Midway through the second round Jones got caught.  Tarver came over a lazy right hand by Roy with a sledgehammer left hook.  In an instant a decade of dominance was over and there was a new Philadelphia titleholder.

Tarver’s coronation was a clear cut surprise yet Roy had been showing hints of vulnerability.  The struggle with Griffin, the knockdown by Del Valle, all subtle signs the crown was beginning to teeter.  Tarver had won the title with the brutal swiftness of Marciano’s KO of Walcott a half century earlier.  His arduous climb to the top of the heap seemed to herald a dominant reign.

It never came to pass.

Within seven months his crown was stripped because he elected not to make a WBC dictated mandatory defense.  It was a principled decision.  Tarver instead met Glen

Johnson in Memphis in a bout which, based on his stunning stoppage of Jones, was widely predicted to be a victory for Antonio.  However, he pulled a Douglas, seemed in less than peak form and without his usual fire.  Johnson upset Tarver and the Jones KO receded into the background.

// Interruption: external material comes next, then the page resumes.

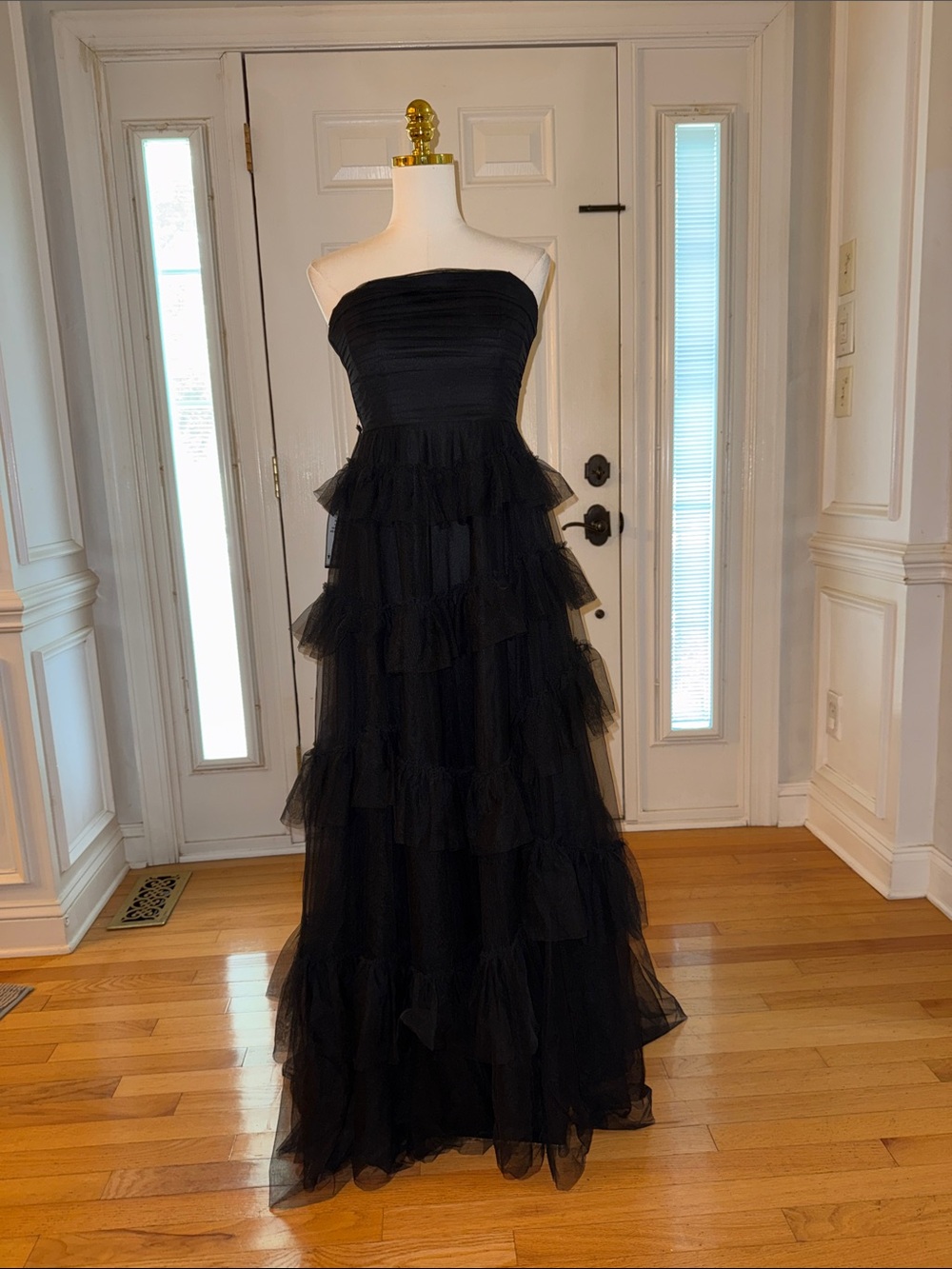 City Studio Strapless Black Tiered Tulle Gown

2005 was a better year.  A sharp, well conditioned Tarver  rebounded to decidedly avenge the Johnson defeat via a points triumph.  He handily took the rubber against Jones, struggling at times and absorbing some punishment yet emerging with a clear cut points verdict against his boyhood rival.  Yet Jones was in sharp decline and Tarver’s triumph in their third bout surprised few.  A sense was emerging that Tarver looked great only in contrast to Jones.  The question was fair.  Was he a late bloomer or a marginal champion?  The Philadelphian needed a non Jones test and he got it in the form of Bernard Hopkins, who had forged his claim to greatness by virtue of twenty championship defenses and wanted a denouement to his wondrous career.

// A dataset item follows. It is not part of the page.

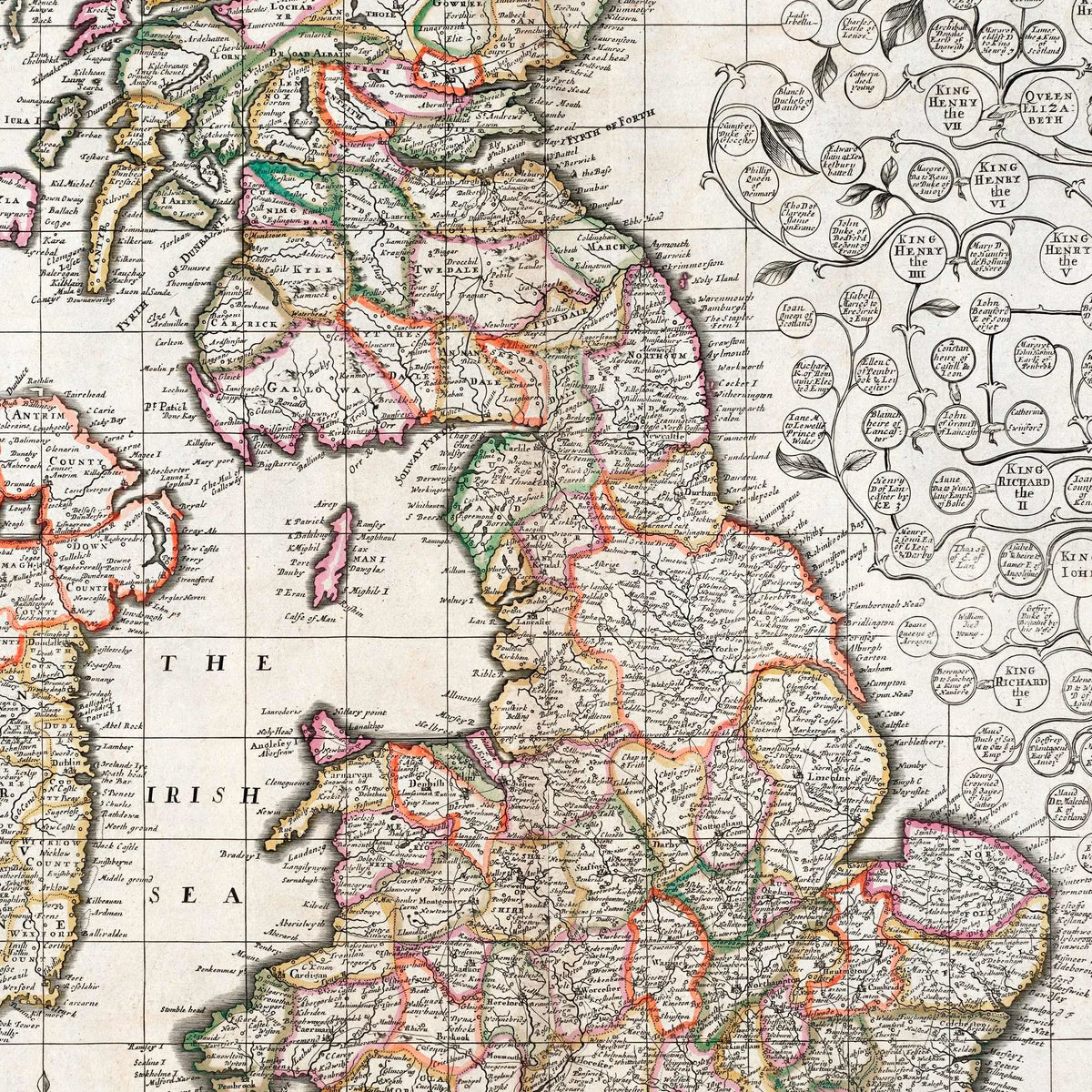 Kort over England, Skotland og Irland fra 1687 - 80×70 cm – billede 4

Off of two defeats to young Jermaine Taylor, Hopkins’s halcyon days seemed gone.  Tarver, two short years after shearing the crown from Jones head, had reached a crossroads at the not tender age of 37. He had to defeat Hopkins.

He didn’t!

Tarver had gained much notoriety with his KO of Jones.  He was a colorful and recognized champion with an element of flamboyancy to compliment his skills.

America saw him as the fictional heavyweight titleholder Mason Dixon in “Rocky Balboa”.  He added considerable weight to play that role, always dangerous for an older fighter.

Only Archie Moore could gain and lose twenty to thirty pounds and oscillate between Light Heavyweight and Heavyweight with a degree of success.  Facing the former champion Tarver could not assume the great Middleweight Champion did not have one stellar effort left in him.

The Philly battler failed miserably.  He was out boxed, out foxed and out punched.  He threw few power punches, in fact few punches at all!  Tarver could barely claim two sessions as his own. He was embarrassed by a great champion, knocked down and thoroughly beat up.  The respect and recognition he earned after years of struggle were left in the ring in Atlantic City.  Three-years-ago, Antonio Tarver had the look of an emergent great fighter.  Now he has mirrored his arch rival Jones in the steep descent of his ability.

He had beaten Rocky on the silver screen, yet lost that fleeting hint of greatness in the process.